小山光+KEY OPERATIONが設計した、神奈川・葉山町の別荘「Hayama Huts」です。
住宅が建ち並ぶ地域に計画されました。建築家は、隣地等への配慮と周辺からの視線を考慮し、プールを備えた中庭を5つの小屋が取り囲む“景色に馴染む集落”の様な建築を考案しました。また、断面寸法や勾配も既存住宅との良好な関係を意識して決定されました。
山と県道207号線に挟まれたこのエリアは狭い小道に面して小さめの住宅が建ち並び、海岸沿いと異なり、別荘地の割には建物の密度が高く、隣地境界際まで隣地の建物が迫っている。また北側の山へ向かって勾配があるため、南北に接する土地はひな壇状になっており、南側の住宅は低いためあまり視界に入らないが、北側からは見下ろされる位置関係にある。
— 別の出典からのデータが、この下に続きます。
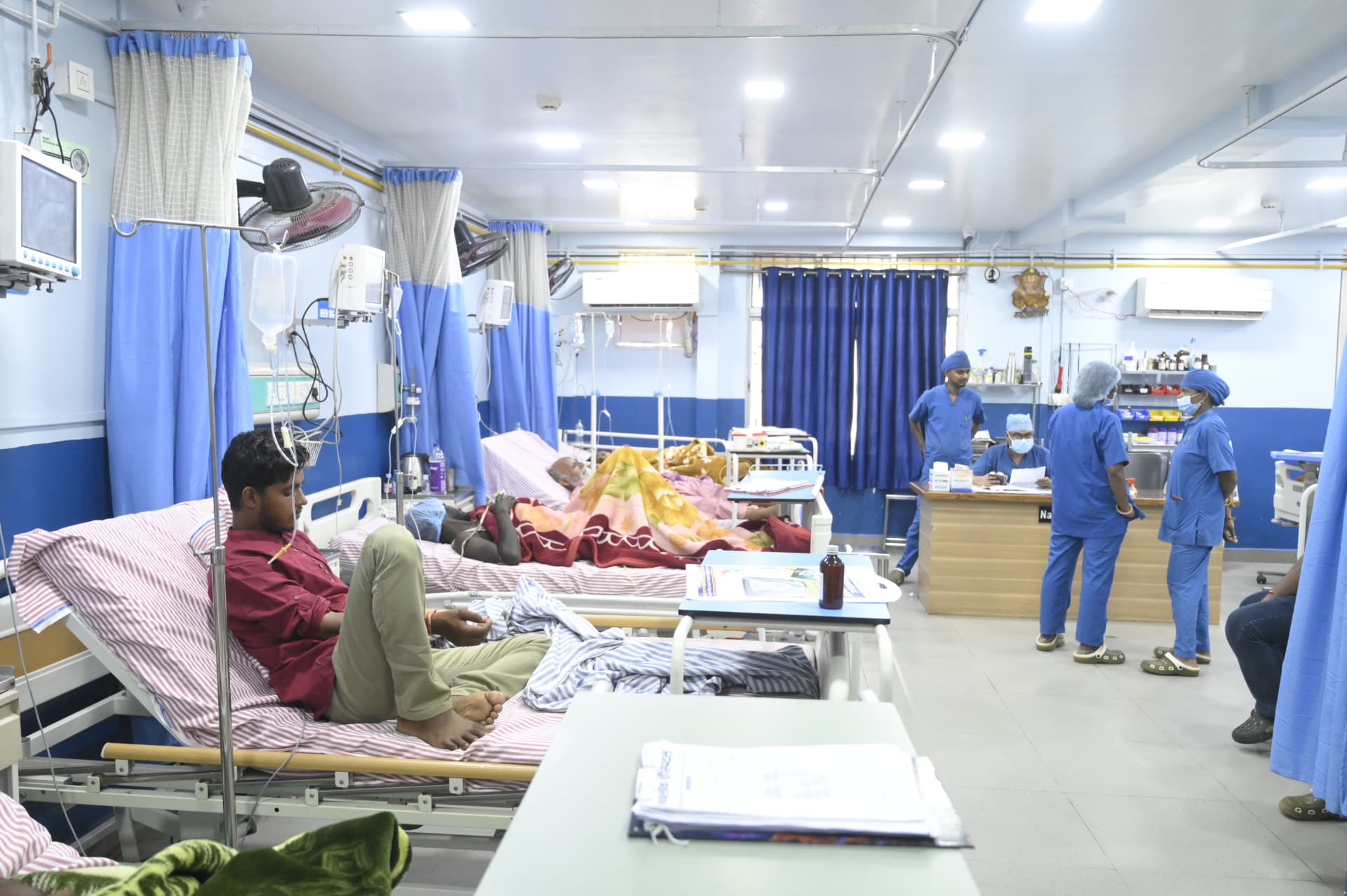 Navlok Hospital Begusarai — ICU and ward beds with nursing care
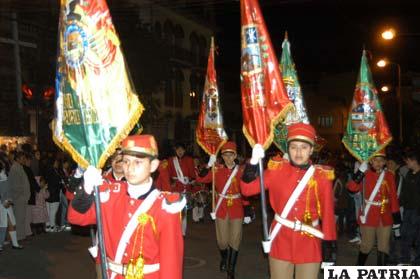 Estudiantes del Colegio San Francisco en el desfile nocturno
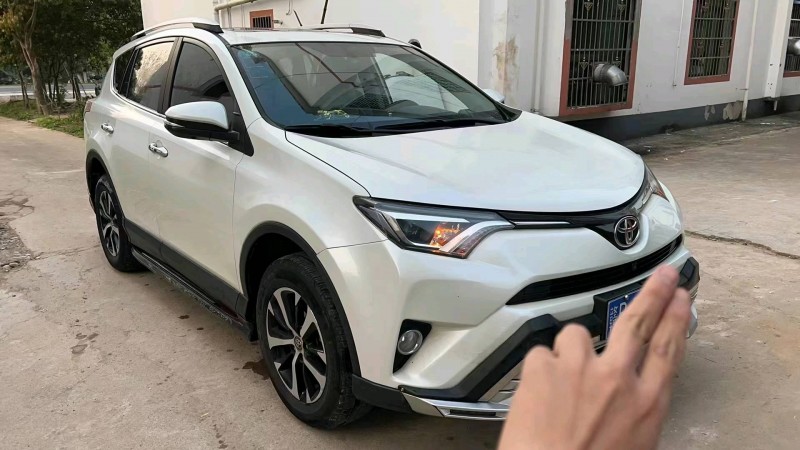 萍鄉17年豐田RAV4榮放3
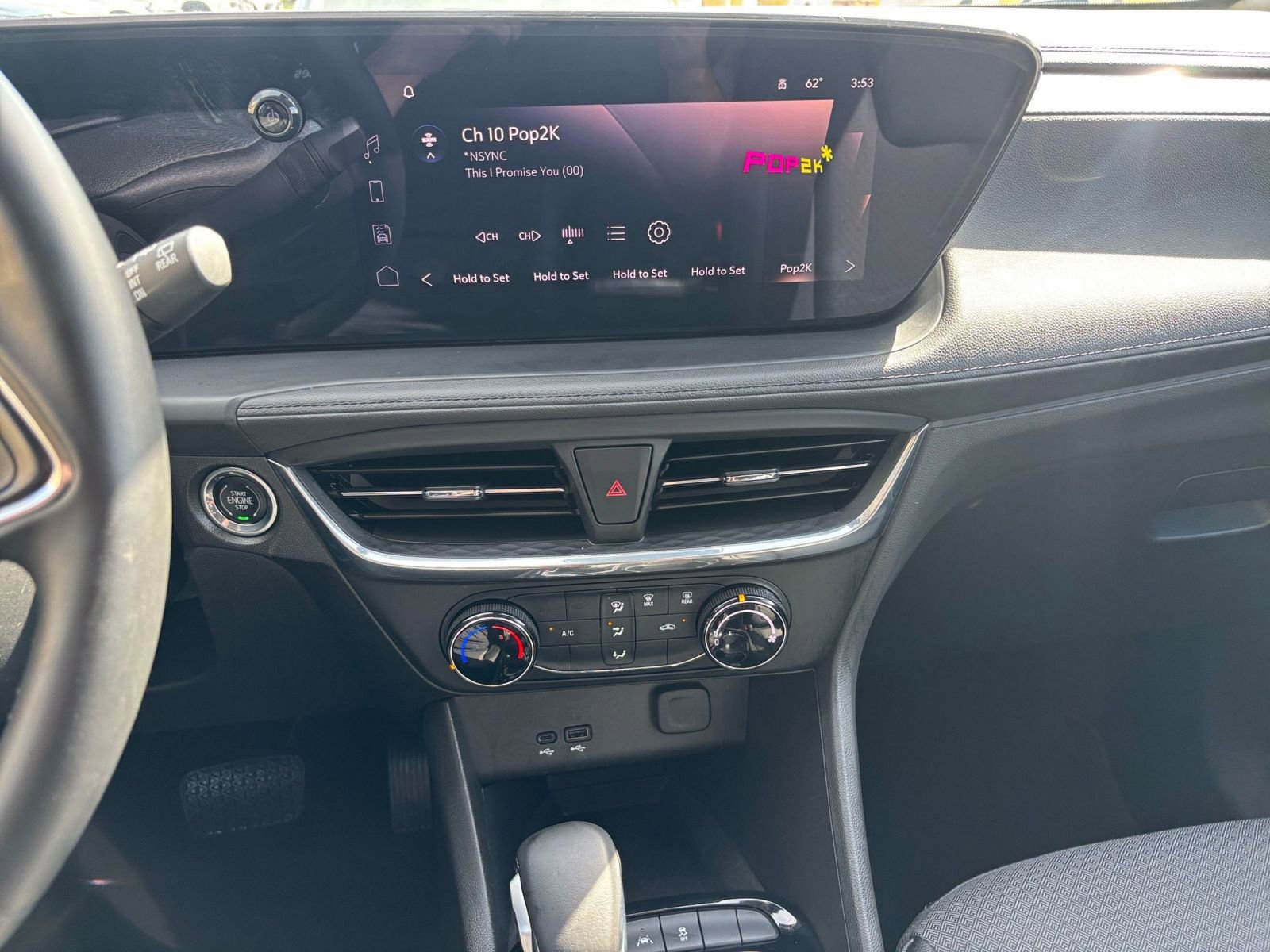 Used 2025 Buick Encore GX Preferred image 17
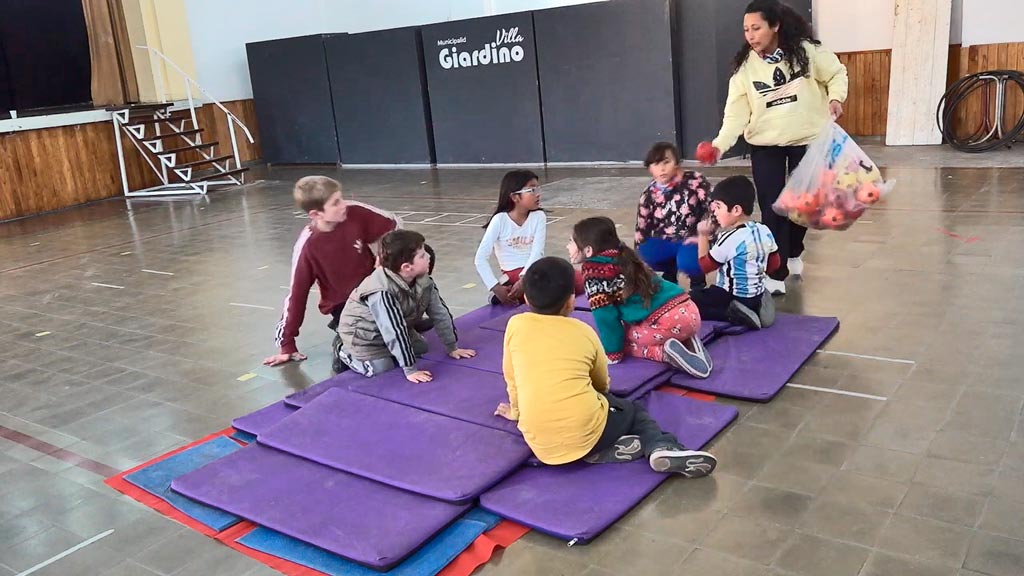 Energía circense para niños en cine teatro Giardino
設計初期には隣地の住宅と距離をとりながら小さな外部空間を作る案もあったが、クライアントからプールを設ける事を望まれたため、隣接する住宅と視線が合う北側や東側に対してヴォリュームをL字に配置して、中央のデッキエリアのプライバシーを確保するオプションを検討し始めた。しかしながら敷地全体に伸びる長いヴォリュームを配置すると、隣接する住宅の住民に威圧感を与えるため、ヴォリュームを分けて、小さな建物がプールのある中庭を取り囲むレイアウトとした。
構成としては、ダイニング棟、リビング棟、宿泊棟、駐車場と浴室のあるサービス棟、倉庫棟の5つの建物からなる。アプローチのある私道側にはサービス棟と倉庫棟が面していて、私道側には窓もないため、小屋が素朴に並んでいるような佇まいとなっている。この二棟の間を抜けると、中庭に入ることができる。
サービス棟とダイニング棟の間は小さな玄関となっていて、その北側は駐車場からアプローチできる勝手口と対面する形となっている。サービス棟は洗面脱衣室が玄関と直結していて、プールに入るゲストが直ぐに着替えられるように配慮している。その奥にはサウナ付きの大きなバスルームがあり、バスルームから直接プールサイドに出ることができる。